By Matt Murphy


BOSTON -- The details of House Speaker Robert DeLeo's proposal to raise the minimum wage and reform the state's unemployment insurance system will be released on Thursday, according to a senior House Democrat who plans to bring a bill before his committee for debate.

Rep. Thomas Conroy, the co-chair of the Labor and Workforce Development Committee, said on Tuesday that the minimum wage and UI reform bill, which was outlined by DeLeo during a speech last week, will be ready for a committee vote on Thursday at 3 p.m. when an executive session has been scheduled.

"You're going to find out more on Thursday. We've been trying to keep this quiet. I'm not going to comment right now," Conroy told the News Service when asked about specific details that might be included in the bill.

Conroy said committee members have talked about "as many of the potential issues as we possibly could have," including a separate minimum wage for teenagers, exemptions from the minimum wage, reducing the duration of unemployment benefits from 30 weeks to 26 weeks, and changing the benefit eligibility rules.

DeLeo, in a speech last week to the Greater Boston Chamber of Commerce, outlined his preference for a phased-in hike in the minimum wage from $8 an hour to $10.50 by mid-2016 and reforms of the unemployment insurance system to shave costs for businesses.

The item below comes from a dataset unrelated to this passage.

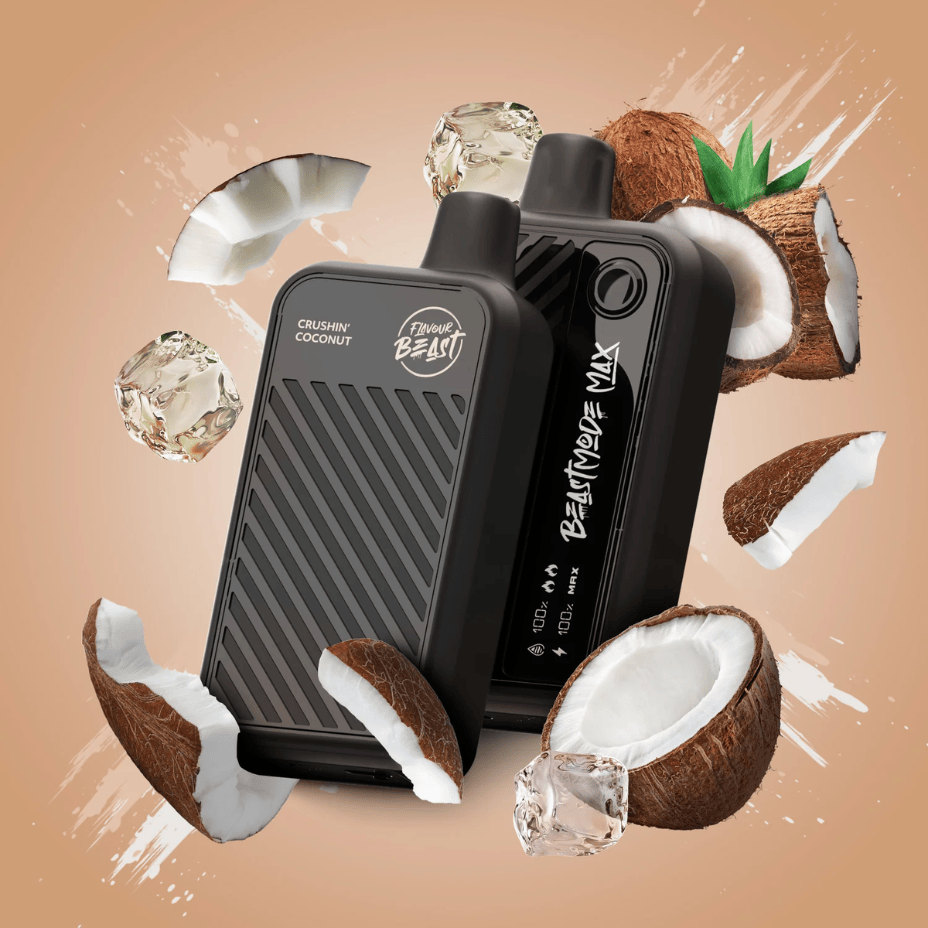 Flavour Beast Beast Mode Max 18k Disposable - Crushin Coconut 18000 Puffs / 20mg Vape Superstore Yorkton Saskatchewan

In addition to freezing unemployment insurance rates this year to protect employers from a spike in premiums, DeLeo called for adjustments to the ratings table to lower the unemployment insurance tax burden on most employers and switch from a one-year to a three-year average that he says will "shield" companies from short-term fluctuations in payments due to employment trends.

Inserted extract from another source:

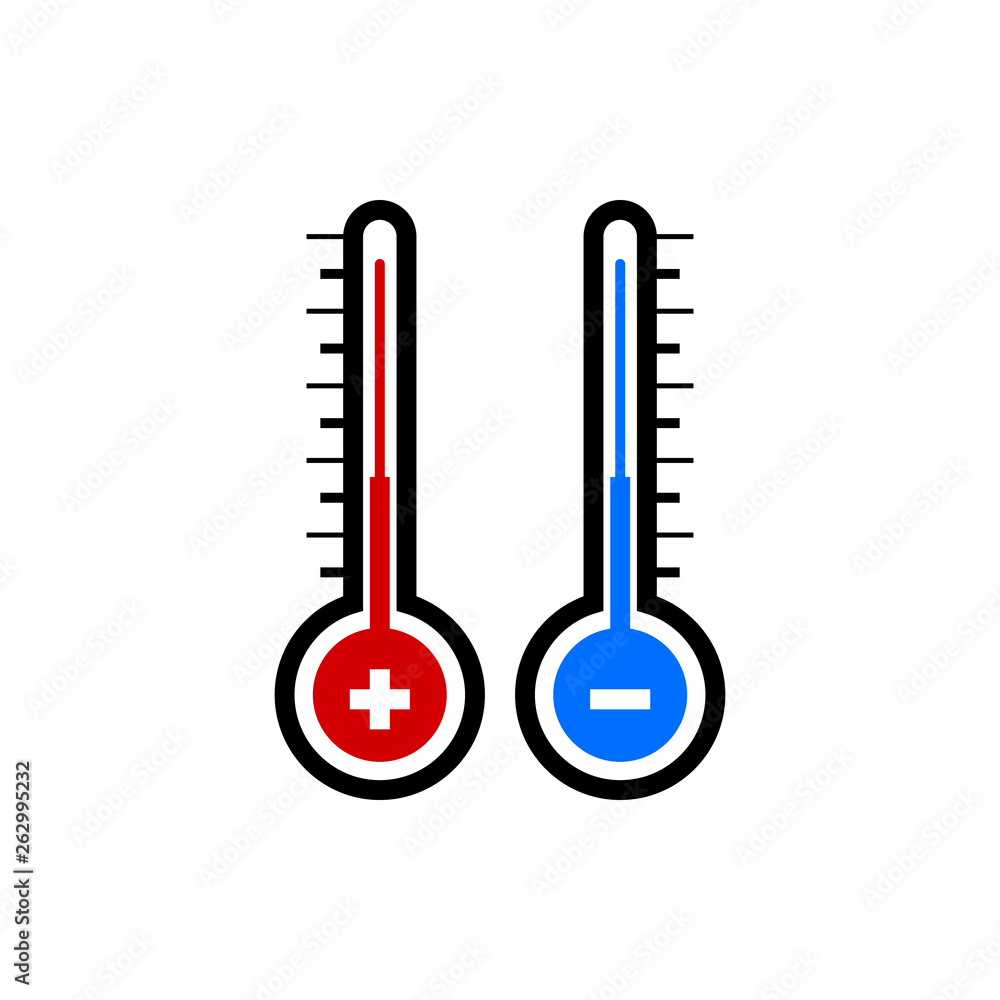 Vector image of an isolated, linear thermometer icon. Design a flat thermometer icon Vector image of an isolated, linear thermometer icon. Design a flat thermometer icon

DeLeo said the House bill, for which he gave no timetable for action, would also address public employees and seasonal employees by closing "loopholes" for school-based employees and retirees who receive both pensions and UI benefits.

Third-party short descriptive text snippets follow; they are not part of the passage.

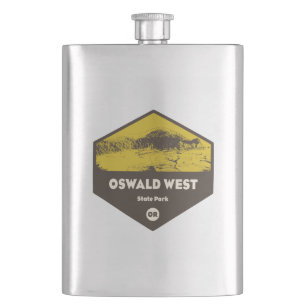 Oswald West State Park Oregon Hip Flask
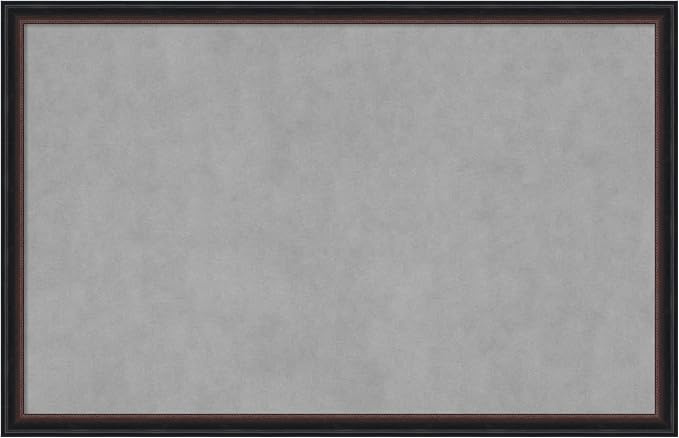 Amanti Art Black Framed Magnetic Board 22x34 Large Vision Board by AmantiArt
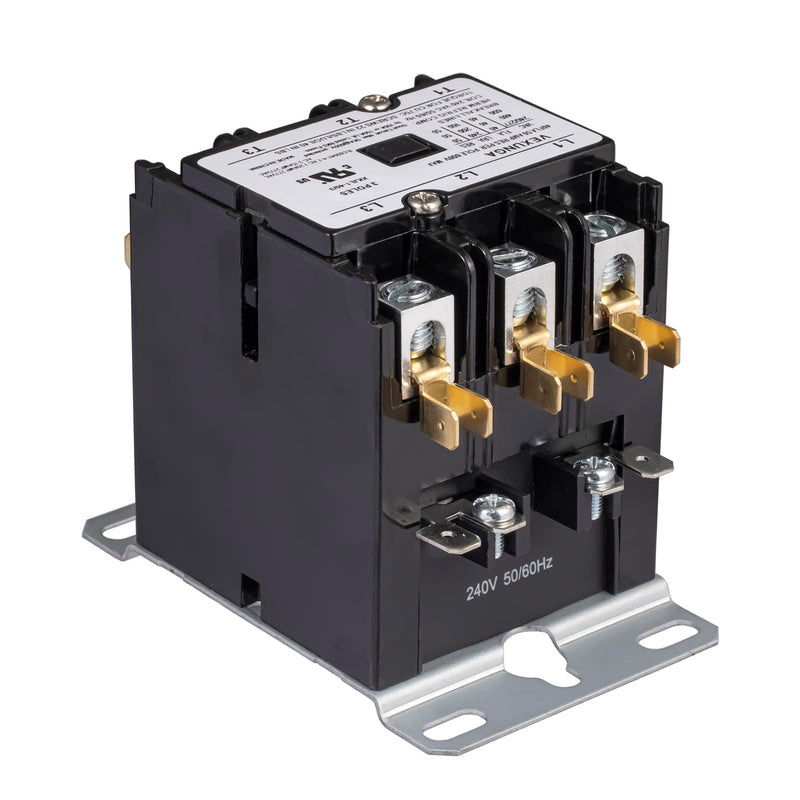 3 Pole 40 Amp 240 VAC Coil AC contactor 3P 40A 240V 50/60Hz AC Motor Contactor Replacement for Air Conditioner Compressor Condenser Unit Contactors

Many business leaders reserved their judgment of DeLeo's proposal until they could read the details.

"There's going to be a little bit of debate within the committee, I think, which will be fun and interesting and we'll see what happens," Conroy said on Tuesday after the Labor Committee voted to recommend 26 bills to the House and Senate for approval.

Some of that possible debate among members of the committee was previewed on Tuesday when Rep. Keiko Orrall, a Lakeville Republican, tried to protect two bills (H 1743/H 1782) relating to the creation of a teenage minimum wage from being sent to a study, effectively killing their chances for passage.

"I just think that there needs to be more flexibility given to our business owners with regards to seasonal employment and those who are teenagers," Orrall said.

Sen. Daniel Wolf, the co-chair of the committee, voted against Orrall's motion and said he opposed the creation of a lower minimum wage for teenagers, and speculated that the issue could be debated as the minimum wage bill moves through the legislative process. The panel rejected Orrall's motion and sent the two bills to study.

Rep. Kenneth Gordon, a Bedford Democrat, also said he opposed a teen minimum wage. "It troubles me to provide a different accommodation based on someone's age," he said.

The Labor Committee also voted to send 26 bills to a study, and voted to extend the deadline for reporting on the remaining legislation in committee, such as unemployment insurance reform proposals.